The scene shifted again, to Havana.

Horn-spectacled Gerardo Machado took the "fishing trip" stories so seriously that martial law was declared in the provinces of Havana and Pinar del Rio. At Luyano, Havana suburb, there took place the Battle of the Stocking Factory.

Police approached the building and attempted to search it on a report that quantities of arms and munitions were hidden there. Its embattled proprietor refused and opened fire. A machine gun squad came out from town on the run. At the end of an hour firing ceased. Police rushed the doors and found inside only the bodies of two dead men, the caretaker and the proprietor. In the cellar was an arsenal of rifles, revolvers, hand grenades, shotguns.

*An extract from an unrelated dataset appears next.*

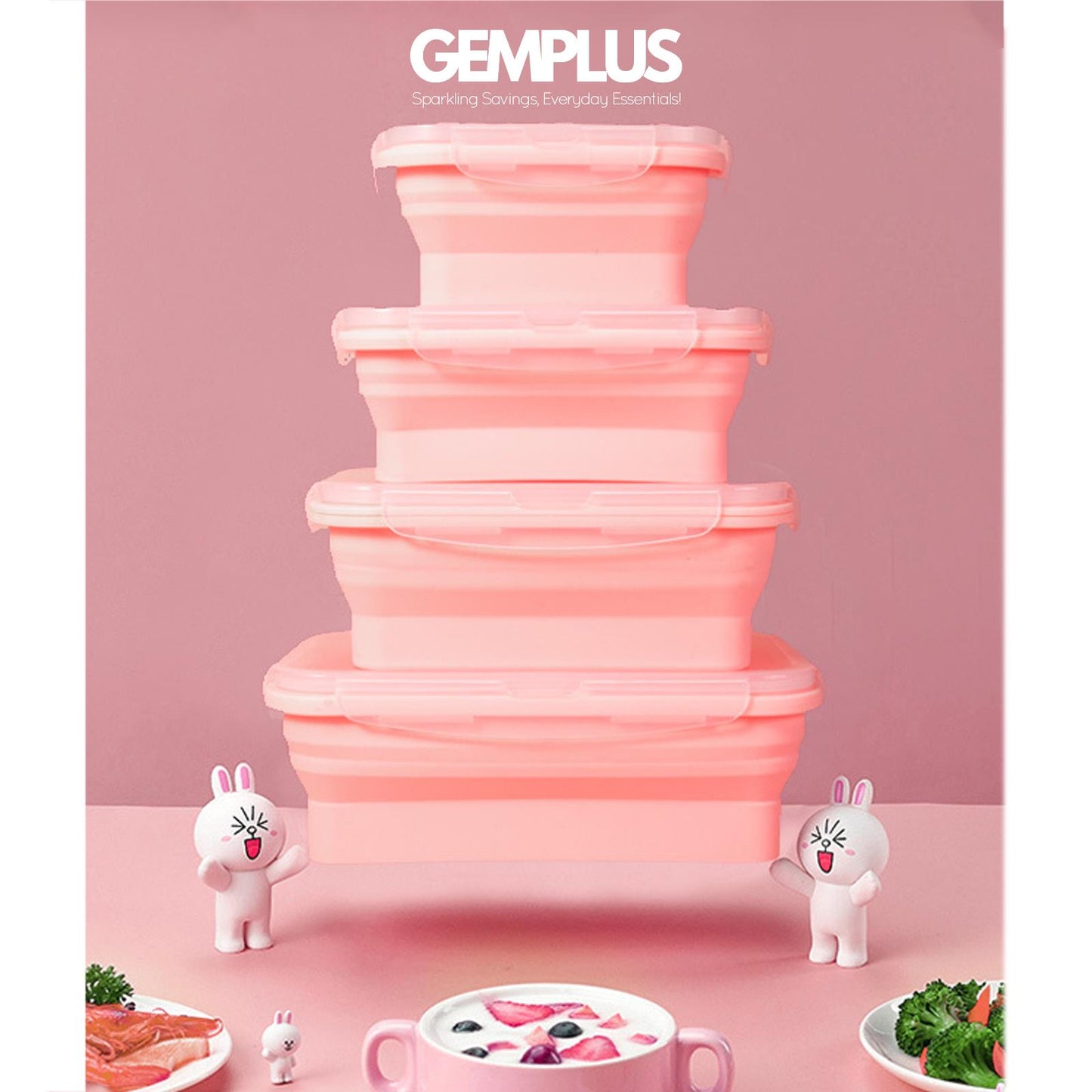GEM+ | 4-Piece Collapsible Food Container Set – Space-Saving Leakproof BPA FREE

Off the coast the yacht Coral hovered, disembarked 17 prominent revolutionists, and put hurriedly out to sea again. A Cuban police boat spotted her, set out in pursuit. Among the 17 were Fausto and Guatimon Menocal, brothers of one-time President Mario Garcia Menocal, and his son Mayito. They were arrested, clapped into Cabanas Fortress. Their friends had little hope of ever seeing them again. These arrests were the clues that wily President Machado was looking for. They showed him who was back of the attempted revolution. Orders flashed out: "Get the Coral. General Mario Menocal is on board!"

Cuba's entire navy put to sea. Army planes roared off from Havana Field to join the chase, but the Coral was too sly for them, slipped away in the haze.

The Cuban Congress hurriedly authorized President Machado to put the entire island under martial law.